Showing posts with label memoir. Show all posts
Showing posts with label memoir. Show all posts

Tuesday, May 17, 2011

open grids and open windows: or how i learned to stop whining and embrace the midwest

"The people I know from outside it distill the Midwest into blank flatness, black land and fields of green fronds or five-o'clock stubble, gentle swells and declivities that make the topology a sadistic exercise in plotting quadrics, highway vistas so same and dead they drive motorists mad. Those from IN/WI/Northern IL think of their own Midwest as agronomics and commodity futures and corn-detasseling and bean-walking and seed-company caps, apple-checked Nordic types, cider and slaughter and football games with white fogbanks of breath exiting helmets."
-David Foster Wallace, from A Supposedly Fun Thing I'll Never Do Again

Kim and I have lived together in Illinois seven years. Kim is from central IL, and so she has breathed the communities deeply from a very young age, but for me this was a significant change from the mid-Atlantic cities and suburbs that were familiar.

The first thing I had to get used to was the long stretches of flat land, surrounded by other long stretches of flat land. At first, I could view them only as an "outsider" but as time went on, I grew to embrace these communities. There was a stillness to it that spoke to me.

There are some things about Illinois I'm still not used to:
being buffetted by wind on beautiful sunny days,
being buffetted by wind on rainy days,
being buffetted by wind all winter as the snow piles up outside our front window.

But when it is time to take to the road, I roll down the windows, breathe in the air, crank up the music, and enjoy the serenity of flat grids of fields repeating against each other.

I have learned to embrace the sameness of it. It has the same effect on me that I imagine zen-gardens have on buddhist priests, where familiarity of pattern is its own reward.


At least that's what I'm keep telling myself as I pay 9.75% sales tax.

Monday, May 16, 2011

getting out ahead of the story

there is an episode of the show modern family where gloria lists off things that drive her crazy about manny (her son). she assumes manny is out of earshot as she is saying these things - but he hears them all. she then makes a desperate attempt to convince him that this is not really the way she feels. a summary of that scene is that it is okay to complain about your kids - but not okay if they hear you.

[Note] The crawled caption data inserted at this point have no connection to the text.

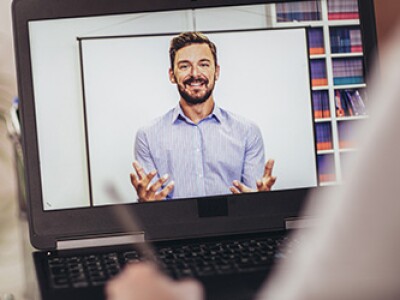 Image of a smiling, bearded man on a laptop screen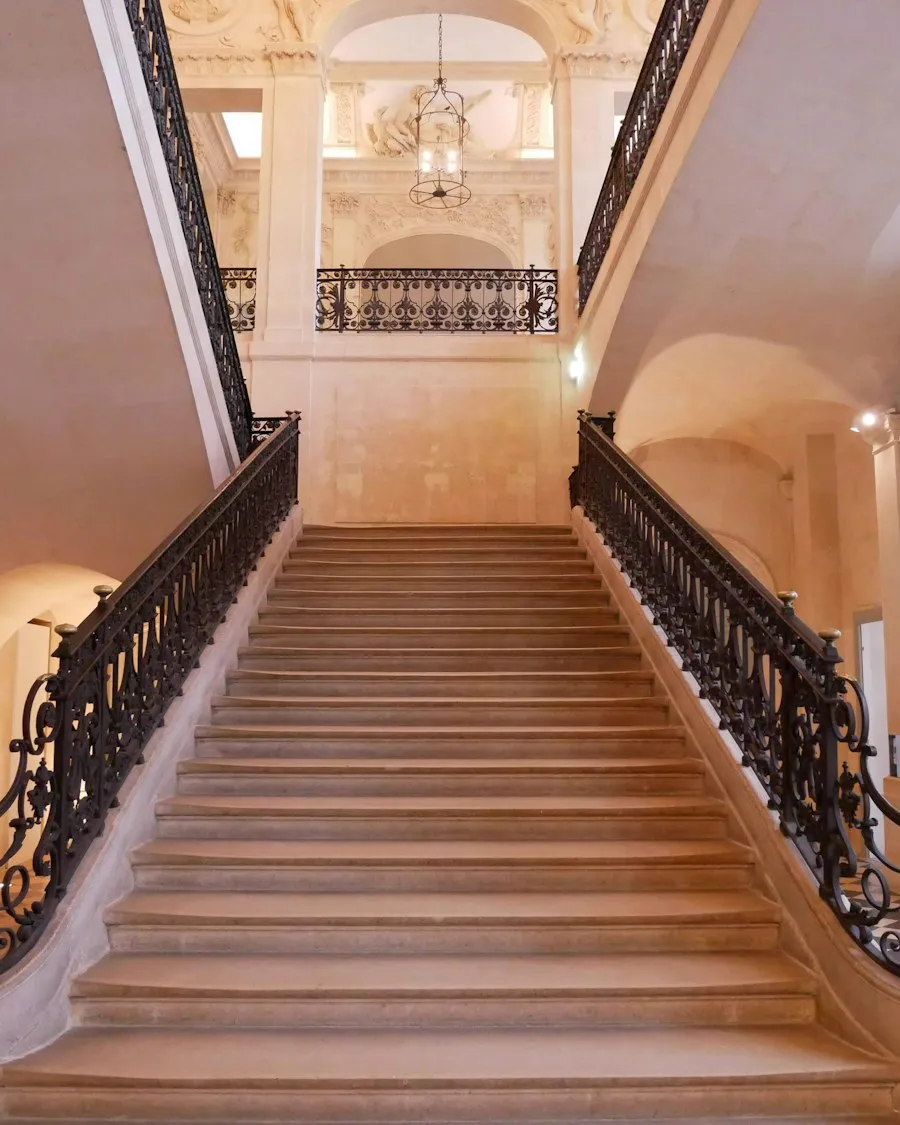 Le grand escalier en pierre d'un hôtel particulier, sa rampe en fer forgé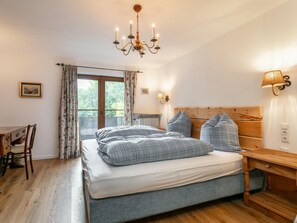 A bedroom with a bed, a wooden nightstand, a desk, and a chair. - Apartment, 800m to Hahnenkamm & ski lift (Kitzbühel)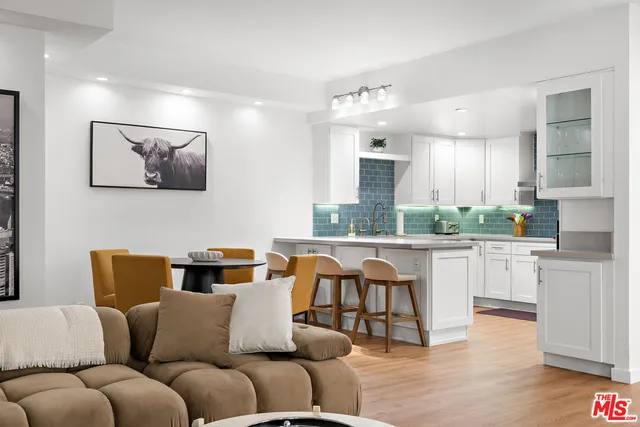 a living room with furniture kitchen view and a wooden floor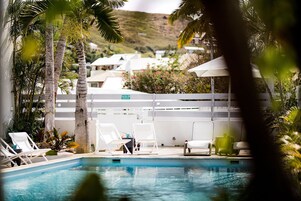 Una piscina al aire libre, sombrillas, sillones reclinables de piscina
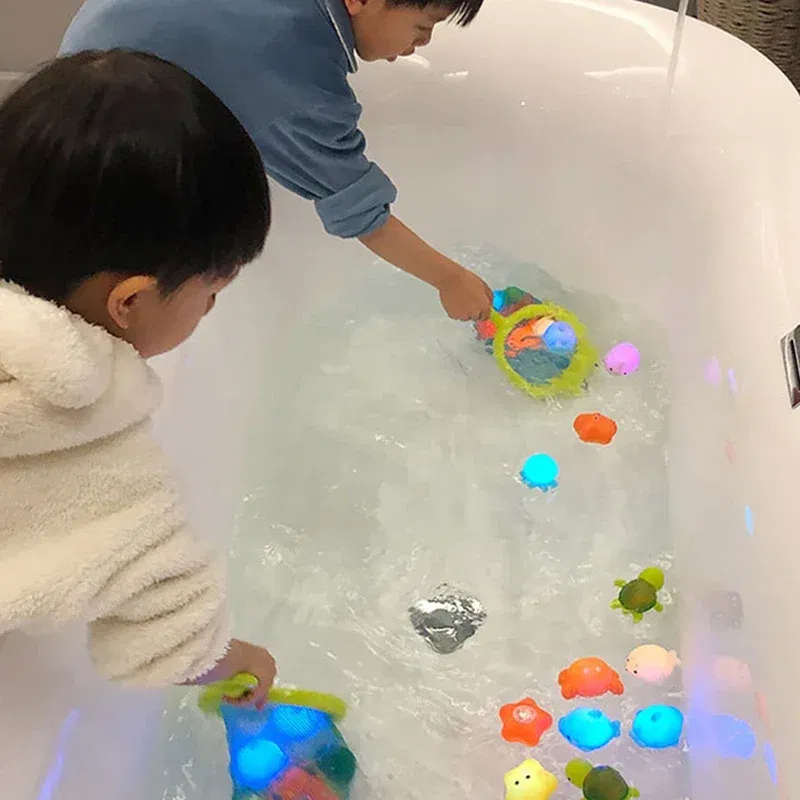 Color: black - Baby Cute Animals Bath Toy Swimming Water LED Light Up Toys Soft Rubber Float Induction Luminous Frogs for Kids Play Funny Gifts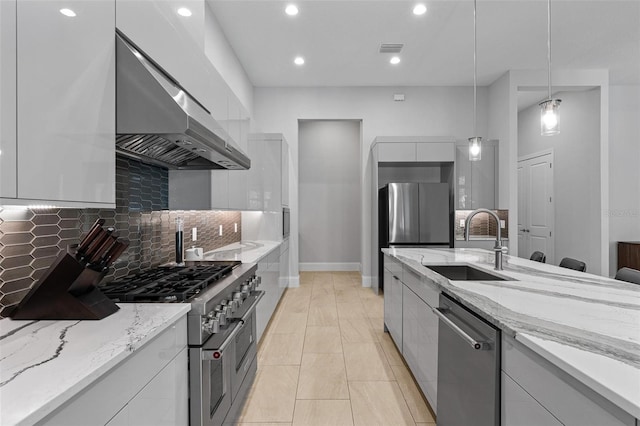 kitchen featuring visible vents, a sink, stainless steel appliances, wall chimney exhaust hood, and modern cabinets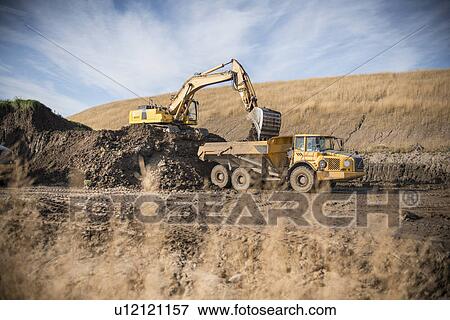 Stock Photo - Excavator working at surface coal mine. Fotosearch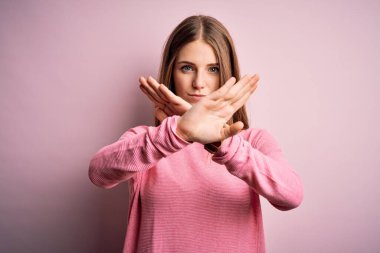 Genç, güzel, kızıl saçlı bir kadın pembe arka planda günlük süveter giyiyor. Reddedilmiş yüz ifadesi. Kollarını kavuşturup negatif işaret veriyor.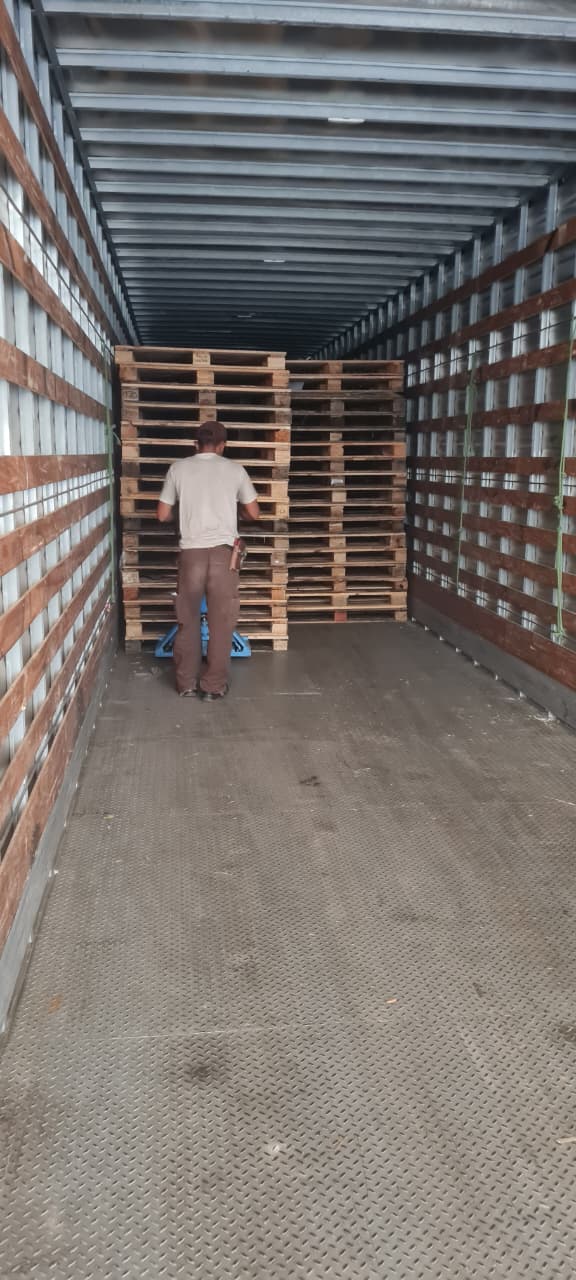 Trabalhador organizando pallets dentro de um caminhão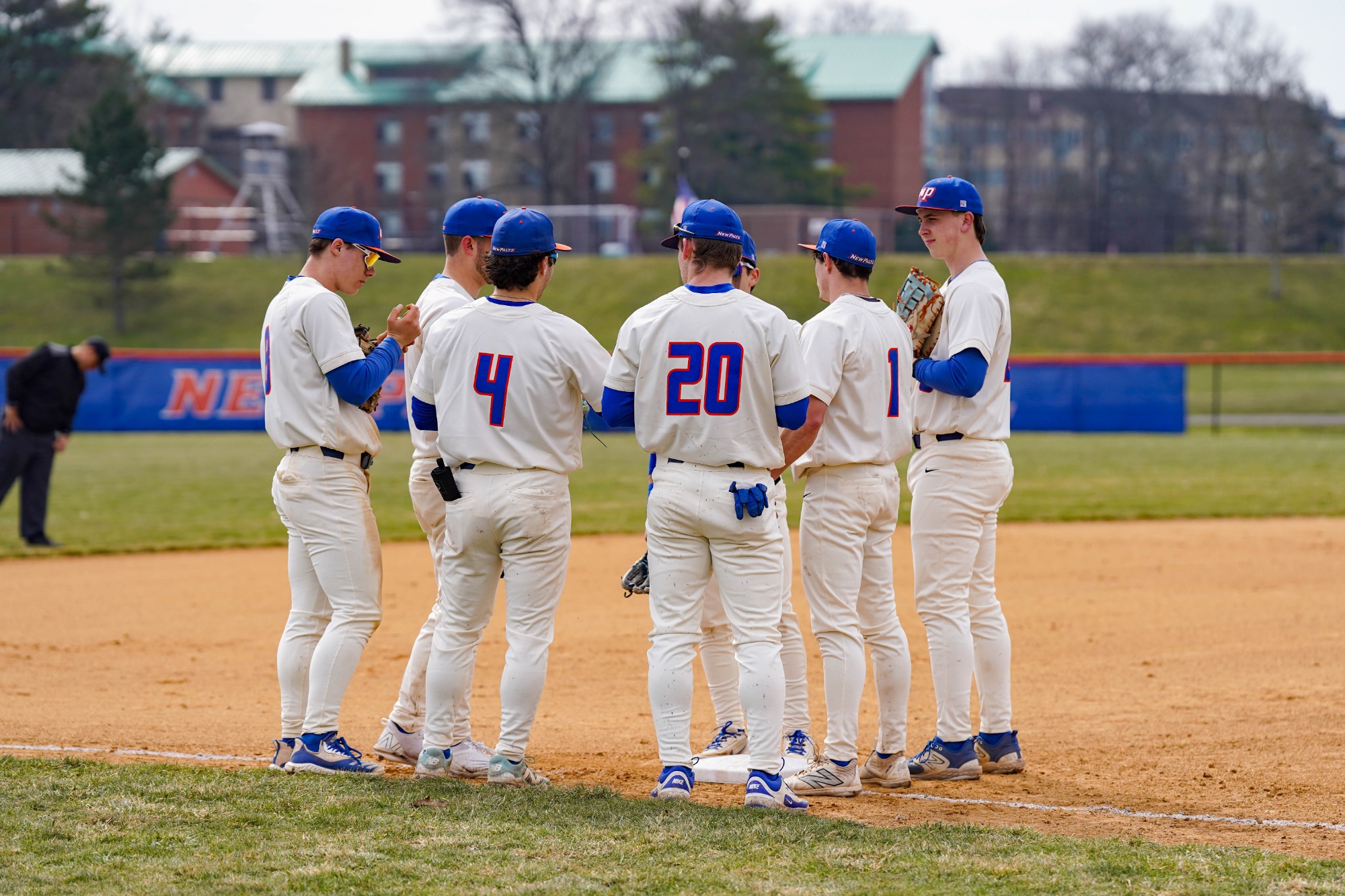 Hawks starters huddle in between innings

while i was home last week, i heard my mom talking on the phone. my mom has a voice that booms with the authority of somone yelling to small children who have wandered into the street, but it gets to the level of someone yelling at small children in the next zip code when she is on the phone.

this is when it hit me:
most kids don't know what there parents say about them behind their back until they are much older, but in the case of my sister and i, we knew in real-time from a very small age.

i would be "napping" or "sleeping for the night", and hear my mom discussing the mis-adventures i experienced over the previous week. many times, i hadn't been previously aware of these mis-adventures. this may seem mean - as i overheard criticism, generalities about myself, and situations in which i interacted with the world discussed from a mother's critical perspective.

but it is not, in fact, a bad thing. it enabled me to get out "in front of the story". when i heard what i was "doing", i was then able to correct the behavior and therefore spin the story from a very young age. many see this as learning to be emotionally distant, but i see it as learning to control the conversation, and career practice.

i have been in sales for my entire adult life. some folks refer to the early stages of this as "retail", or "working at gap" however, those people did not go on to make a career of walking in and out of stores all day (to my knowledge the only people that do this are vendors, district managers, and the homeless and/or mentally infirmed).

as i look out toward the next years of my life, and anticipate a career change, i wonder what job will call out to me next, saying "do this now, you have prepared for it". i can only hope that the job that calls this out to me will do it with the volume of my mom talking on the phone; as now i have suffered some hearing loss and may not hear it otherwise.